We do some devirtualization "incrementally" (i.e. while inlining /
optimizing the IR), but I think I was over-complicating -- this looks
like it is doable. Intuitively, since Java's type system is
verifiable, we should be able to model it directly in the IR without
too many complications.

However, I'm still worried about the scope. Going by your suggestion,
IIUC this is how the above devirtualization transform will look like:

void G::f(I instance) {
   invoke_interface(I::func, instance);
}

== predicated devirt ==>

void G::f(I instance) {
   if (get_klass(instance) == F.klass) {
     instance_casted = cast_to_type(instance, !type)
     F::func(instance_casted);
   } else {
     blah();
   }
}

!type = !descriptor_for_F

== inline F::func etc ==>

...

and to get back to our "baseline" performance (i.e. hoist loads of
non-GCREF type as usual, but don't touch GCREF loads), we'd have to
teach LLVM that it is okay to speculate non-GCREF loads through
cast_to_type, but not GCREF loads. We will also have to teach LLVM
about aliasing properties of these intrinsics.

I think cast_to_type is a good second step we can take when we start
modeling Java's type system in LLVM IR, but it looks too complex to do
as an initial step.

-- Sanjoy

Hi all,

It looks like the key controversial point is the bit about the extra
control dependence on loads and stores[0]. Generally the consensus is
that (please chime if you think otherwise) it is not reasonable to
make the safety (or semantics) of a load instruction depend on the
type it is loading.
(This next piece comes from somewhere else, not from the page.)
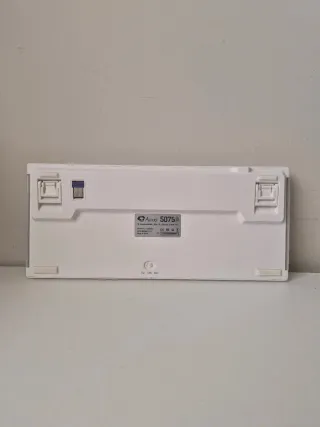 Teclado 75% mecánico hotswap Akko 5075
Introducing such a thing would involve changing
the IR semantics in a fundamental way, and therefore has a high bar
for acceptance.

Here is a summary of the alternative solutions that were proposed here
and on IRC (thanks Chandler, Andy, Eli!):

Thanks for writing up the summary, sorry I didn’t summarize #2 for you as I had promised. ;]
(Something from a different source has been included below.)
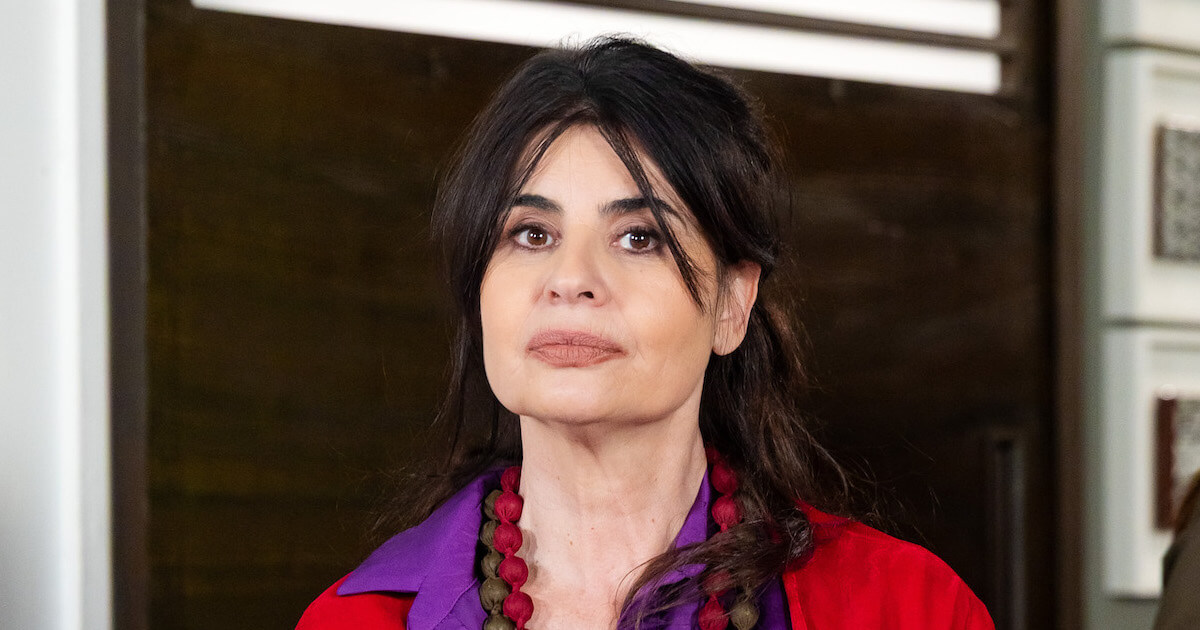 Anticipazioni Un posto al sole: Serena contatta Monica, ma servirà?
  1. Introduce a flag on load and stores that either
    a. Denotes a “gc_safety” control dependence.
    b. Denotes a “blackbox_safety” control dependence. In this case
    we will probably have some optional metadata on loads and
    stores to indicate that the control dependence is actually on
    GC safety.

Suggested name for 2b: “unsafe” or “predicated”. Essentially, that the load is not generally safe to do even if the memory is generally safe to load from because of some external effect.
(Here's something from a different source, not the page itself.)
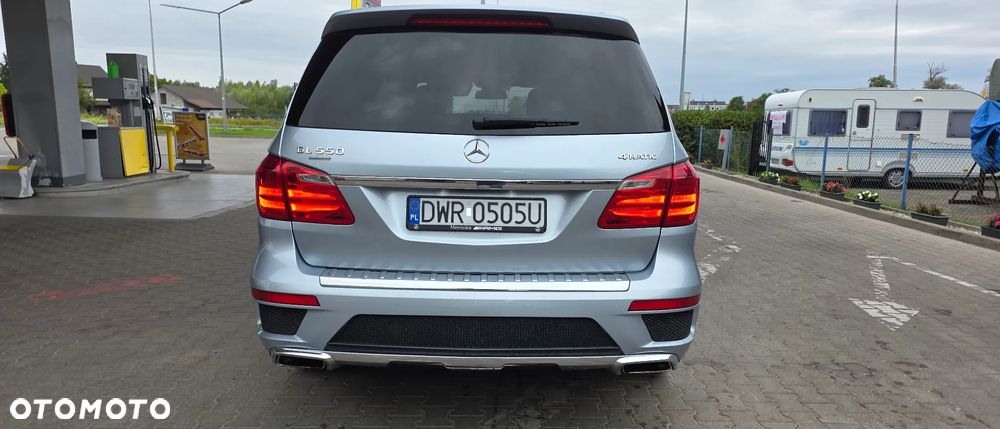 Mercedes-Benz GL 500 4Matic (BlueEFFICIENCY) 7G-TRONIC - 8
As a starting point, LLVM will conservatively not speculate such
loads and stores; and will leave open the potential to upstream
logic that will have a more precise sense of when these loads and
stores are safe to speculate.

  1. Introduce a general way to denote control dependence on loads and
    stores. This can be helpful to LLVM in general, and will let us
    basically implement a more precise version of (2).

I actually think there is a pretty clean incremental path from 2a to 3 here. We can start with just the basic “there is something control dependent about this” and use metadata to experiment with communicating it to the optimizer. If we come up with something really general and precise, we can fold it into the blanket thing, but until then we don’t scope creep or put something into the IR.

One thing you didn’t mention is that this requires a matching function attribute too so that we can distinguish between a call site that reads memory and a call site that reads memory in a way that is potentially unsafe.